Publié dans le bimestriel de l'association Cahiers de la Liberté mai-juin 2012. (Télécharger ici)
S’il y a bien une question à laquelle aurait dû répondre l’Assemblée
constituante, avant d’entamer la rédaction de la Constitution, c’était
celle-là. Pourtant, les élus de l’Assemblée ne l’ont toujours pas posée et n’en
ont jamais vraiment débattu. Pourtant, sans les bonnes questions, la
Constituante aura du mal à apporter la moindre réponse cohérente, dans laquelle
se reconnaîtra le plus grand nombre.
L’élection de l’Assemblée constituante a été un « rendez-vous raté »,
les candidats ont manqué l’occasion de mener ces débats et de confronter les différentes
conceptions de l’Etat et son rôle.

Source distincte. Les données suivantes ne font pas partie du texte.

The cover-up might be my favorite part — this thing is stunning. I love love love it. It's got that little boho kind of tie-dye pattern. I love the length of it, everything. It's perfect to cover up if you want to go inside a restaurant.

Ces débats ont été confisqués pour une
campagne médiocre en contenu, les partis ont mené des campagnes classiques pour
la conquête du pouvoir.
Pourtant, définir le rôle de l’Etat n’est pas qu’une affaire de
technocrates ou de constitutionalistes érudits. Tous les citoyens ont des
attentes en matière d’action publique, c’est aux élus de les traduire
politiquement et de les transcrire dans le marbre constitutionnel.

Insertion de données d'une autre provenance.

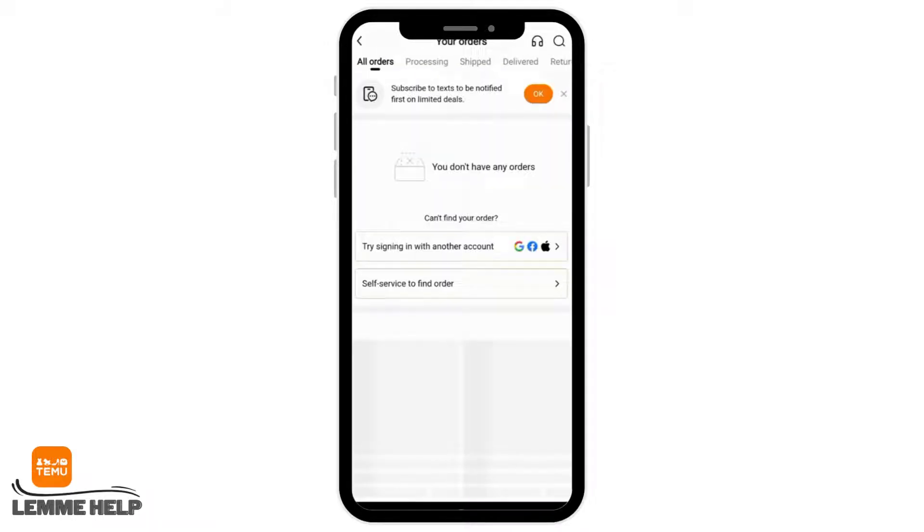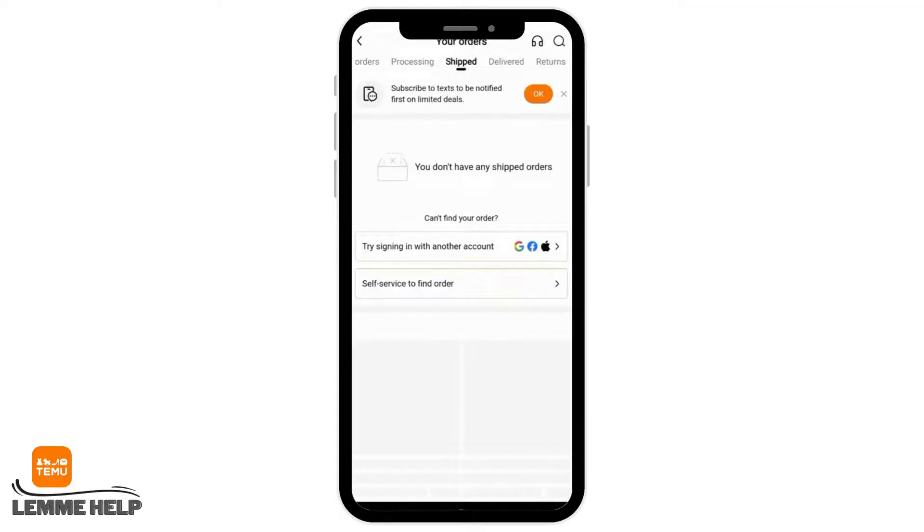Then tap on your orders. Here you can check all of your orders as well as processing details, shipped details, delivered, and returns.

La période est propice à un changement de logiciel politique, c’est
l’occasion de redessiner le fonctionnement des institutions pour éviter les
erreurs du passé. La Tunisie a besoin d’un nouveau système politique qui conjugue
les aspirations de sa population, dans sa diversité géographique, sociale et
même culturelle.
Un débat national, ou plus modestement, un débat à l’Assemblée constituante
est nécessaire pour définir l’attente des Tunisiens pour leur Etat, la
définition de son rôle et le périmètre de son action et de ses missions.
Un Etat fort, dans une
République décentralisée
L’Assemblée constituante se doit de réfléchir, avant les élections
générales annoncées, à la répartition des compétences entre les différents
échelons (national, régional et
municipal) pour une action publique plus efficiente dans les territoires.

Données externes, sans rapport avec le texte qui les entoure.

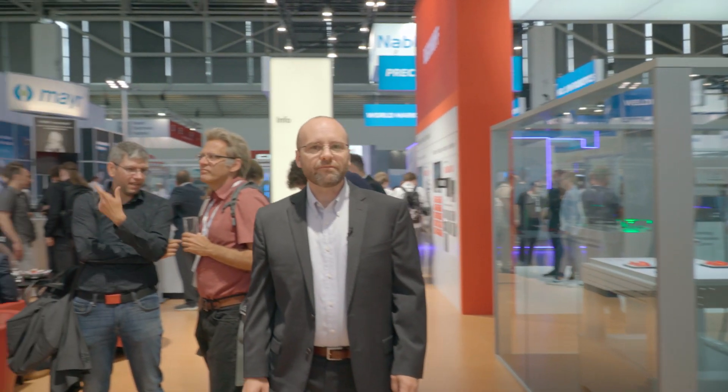This episode of Bekoff Trade Show TV is coming to a close. Thank you for joining us. If you have any questions or you'd like to discuss your automation applications, please reach out and contact us. We'd be delighted to meet you. Thank you.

Dans la future constitution, la cohésion régionale doit être consacrée, non
comme un vœu pieu, mais comme une réalité: assurer l’autonomie politique et
financière, garantir la péréquation entre les régions, en fonction des
ressources.
Sans remettre en cause un Etat fort, garant de la cohésion nationale, une
partie des compétences peut être dévolue, totalement ou partiellement, aux collectivités
territoriales revisitées.
Des compétences dévolues
au niveau pertinent
Plusieurs compétences, comme les politiques d’aménagement du territoire, de
transports publics peuvent être transférées totalement au niveau régional. D’autres,
comme le développement économique ou la santé publique peuvent être partagées
entre l’Etat et le niveau régional, le premier en charge du cadrage, le second
pour la mise en œuvre. Enfin, certaines compétences peuvent être à la charge de
l’ensemble des collectivités territoriales, comme l’entretien des bâtiments
publics (écoles, collèges, lycées, universités, bâtiments administratifs…).
Un Etat régalien
Il est évident que l’Etat doit garder ses compétences régaliennes. Il aura,
en amont, la responsabilité d’établir le cadre et les normes dans lesquels
peuvent agir les collectivités, en aval, il aura à évaluer et corriger les
disparités entre les territoires. L’Etat, devra garder ses administrations
déconcentrées dans les territoires (gouvernorats et délégations), sous la
responsabilité de représentants nommés.
Les compétences transférées ne peuvent être que sous la responsabilité de
collectivités avec des exécutifs et conseils élus démocratiquement. Il reste à
réfléchir quelle forme doivent adopter ces différentes collectivités. Il faut
doter le niveau régional d’un exécutif et d’un conseil élu, autonome
financièrement et politiquement sur les compétences qui lui seront dévolues.
Nouveau
rendez-vous raté ?
Malheureusement, ce n’était pas le rôle de l’Etat et de ses institutions
qui étaient au centre des débats, lors du vote de l’organisation des pouvoirs
en novembre dernier. Non, les discussions ont porté sur les intérêts partisans
des uns et des autres. or Si les élus de
la Constituante continuent à réfléchir l’Etat comme un jeu de chaises musicales
pour les postes clés, et à se voir comme des représentants de leur parti et non
comme des représentants du peuple, la Tunisie va rater un nouveau rendez-vous avec l’Histoire.